▶ WHAT IS REQUIRED: Only the lines from the one containing "Ratón inalámbrico logitech" to the end of the data should be copied, exactly and without pictures.

▶ DATA FOR REVIEW:
● ● ● ● ●

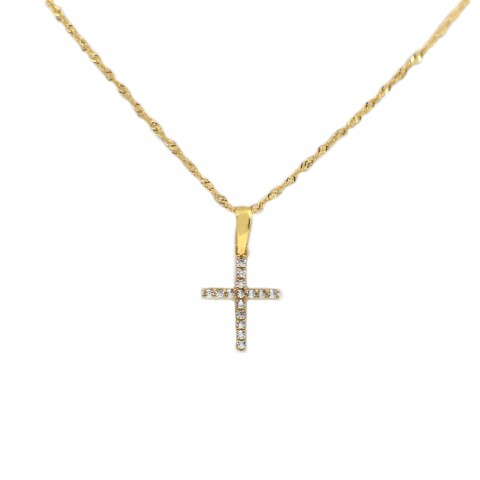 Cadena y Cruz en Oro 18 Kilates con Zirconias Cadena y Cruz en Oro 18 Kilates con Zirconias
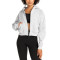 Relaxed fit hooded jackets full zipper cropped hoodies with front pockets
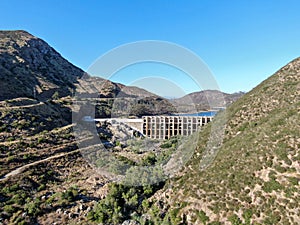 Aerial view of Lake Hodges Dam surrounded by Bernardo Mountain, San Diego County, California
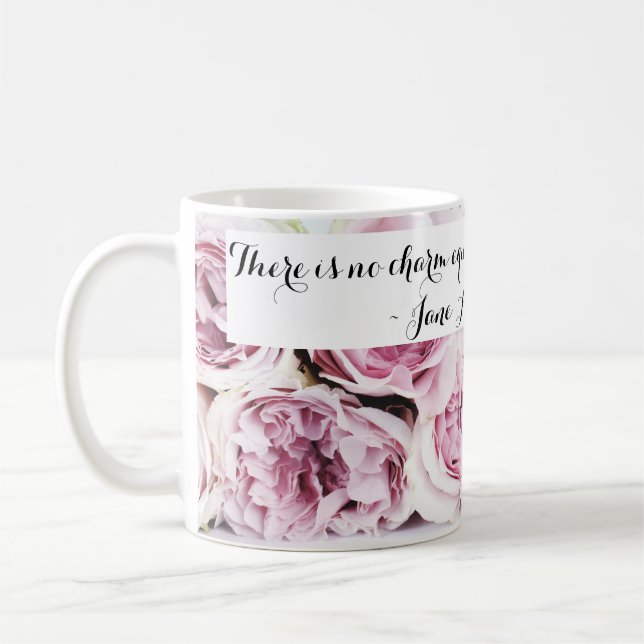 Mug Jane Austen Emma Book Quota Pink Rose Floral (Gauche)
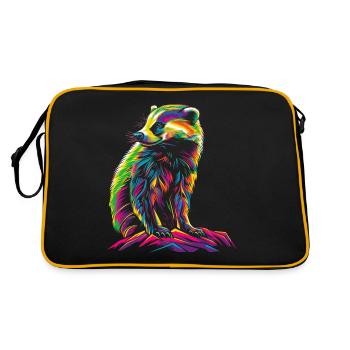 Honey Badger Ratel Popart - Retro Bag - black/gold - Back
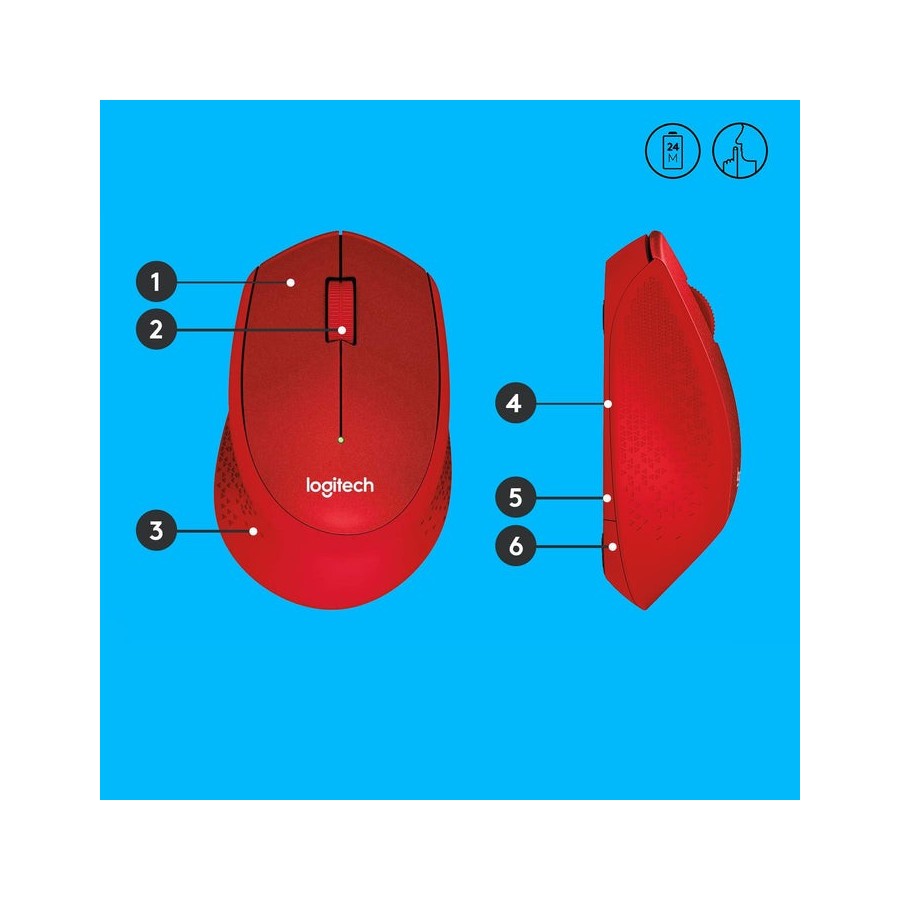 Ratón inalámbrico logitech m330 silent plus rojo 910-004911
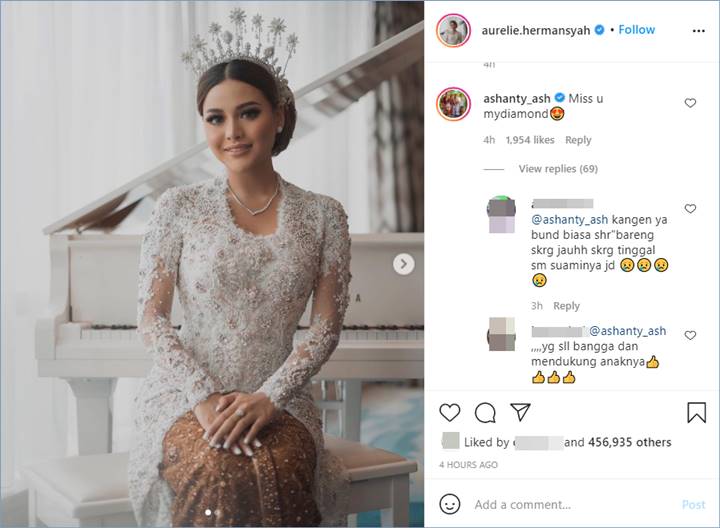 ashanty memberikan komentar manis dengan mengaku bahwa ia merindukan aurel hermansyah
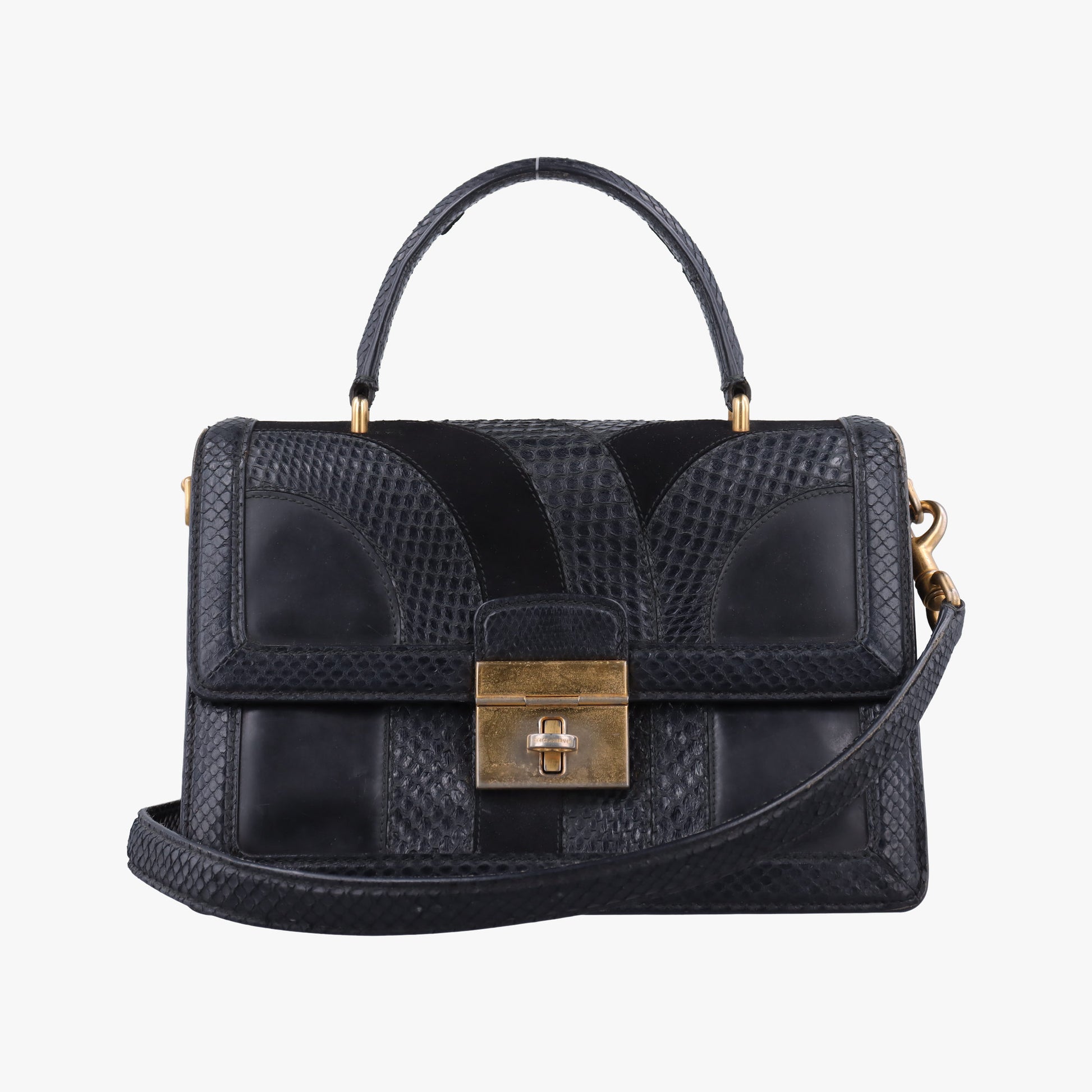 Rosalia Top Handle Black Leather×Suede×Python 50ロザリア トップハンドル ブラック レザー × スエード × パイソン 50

● ● ● ● ●

▶ REPLY:
 Ratón inalámbrico logitech m330 silent plus rojo 910-004911
 ashanty memberikan komentar manis dengan mengaku bahwa ia merindukan aurel hermansyah
 Rosalia Top Handle Black Leather×Suede×Python 50ロザリア トップハンドル ブラック レザー × スエード × パイソン 50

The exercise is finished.